ご縁婚〜クールな旦那さまに愛されてます〜
朝羽さんはじっくりラベルを眺めたあと、瓶を棚に丁寧に置きながら言う。


「清明というネーミングセンスも素敵ですね。水のようにクリアですっきりとした味わいが、その言葉によく合っています」


ふいにお褒めの言葉をもらい、喜びがじわじわと込み上げてくる。

清明とは、春先の万物が清らかで生き生きしているようすを表した四字熟語、「清浄明潔」の略。
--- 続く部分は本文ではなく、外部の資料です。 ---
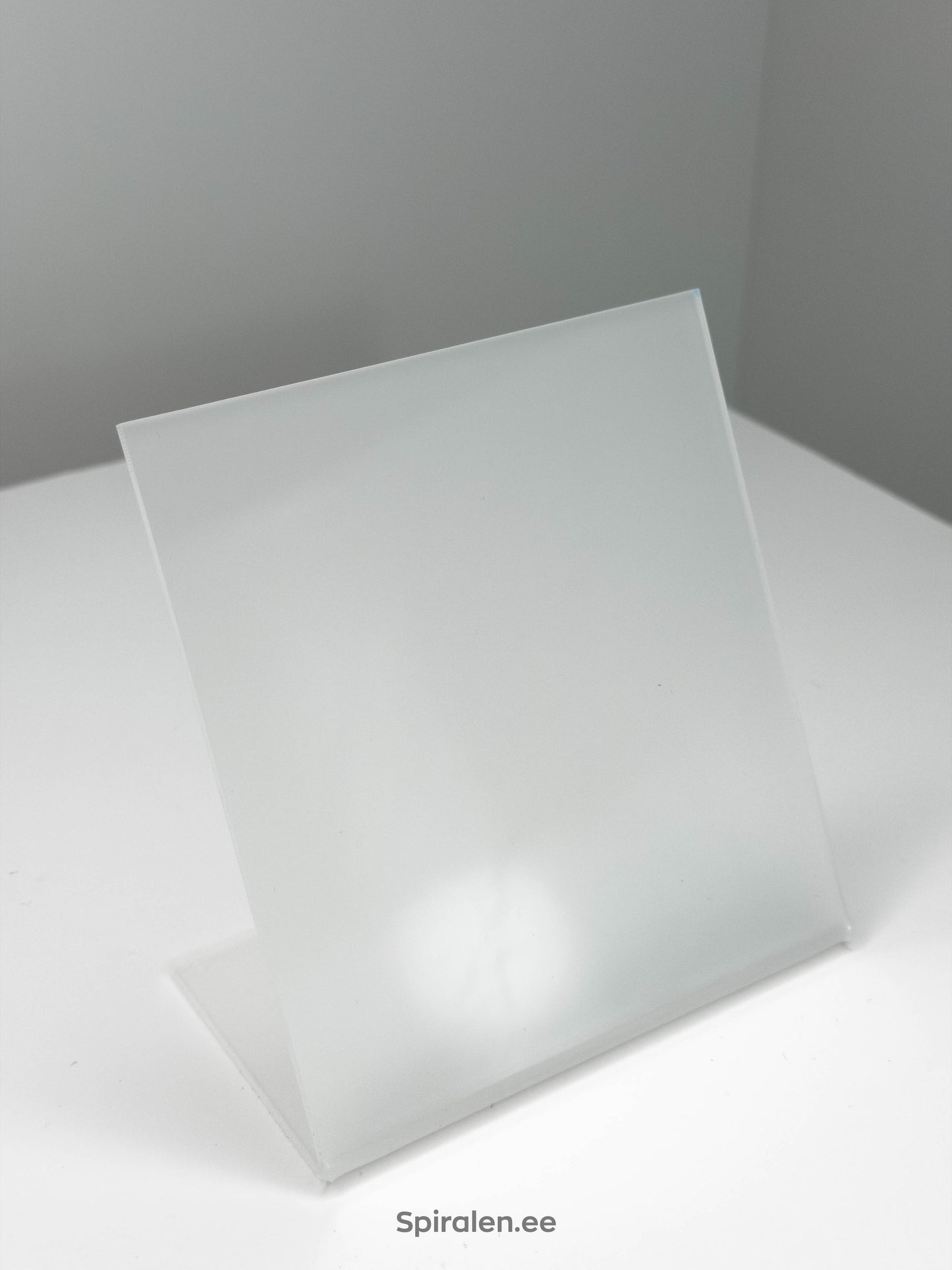 Akrüülist lauamenüü alus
この意味は、たびたび古語が登場していた祖母の日記で知った。

私が初めてこのお酒を飲んだとき、朝羽さんと同じように感じ、清明という言葉が思い浮かんで名付けたのだ。

きっと彼は私が名付けたことは知らないだろうけど、だからこそ褒めてもらえて嬉しい。

ただ経済的な支援をしてくれるだけじゃなく、私の家族が作ったものを、自分の舌でしっかりと味わってくれていたことも。

朝羽さんに対しての感謝や尊敬の念が少しずつ膨らんでくるのを感じていたとき、「総支配人」と呼ぶ声が聞こえてきた。

振り返ると店の入り口にホテルマンらしき男性がいて、返事をした朝羽さんは私に声をかける。